Natomiast w tymże roku zostało wywiezione z obozu pracy junackiego około 24 osoby do obozu karnego w Dębicy oraz do obozu karnego w Krakowie. Czy z takowych junaków został ktoś zamordowany w obozie karnym z ręki niemieckiej, tego mi nie jest wiadomo. Obóz pracy junacki w miejscowości Witów trwał 7 miesięcy pod dowództwem SS-mana niemieckiego, który zamieszkiwał w Koszycach.

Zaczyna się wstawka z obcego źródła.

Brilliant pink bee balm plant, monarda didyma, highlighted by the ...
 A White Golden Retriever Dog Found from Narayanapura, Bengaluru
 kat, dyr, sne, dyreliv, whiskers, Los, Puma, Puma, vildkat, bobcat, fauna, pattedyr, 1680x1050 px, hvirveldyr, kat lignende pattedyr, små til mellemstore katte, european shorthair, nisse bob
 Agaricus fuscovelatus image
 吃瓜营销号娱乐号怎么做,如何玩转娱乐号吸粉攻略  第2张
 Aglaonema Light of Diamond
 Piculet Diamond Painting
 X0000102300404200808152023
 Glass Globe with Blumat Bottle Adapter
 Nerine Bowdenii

Nadmieniam, że po skończonej mi służbie junackiej, daty dokładnie nie pamiętam, w roku 1943 lub [19]44 został rozstrzelany Skowron Stanisław wraz ze swoją żoną w gromadzie Piotrowice, gm. Koszyce, [z] zawodu rolnik. Natomiast innych morderstw nie pamiętam ani też nie jest mi znane nazwisko byłego dowódcy obozu pracy junaków w gm. Witów. W danym obozie byliśmy mordowani, bici przez żandarmerię niemiecką.

Na tym protokół skończono i po odczytaniu podpisano.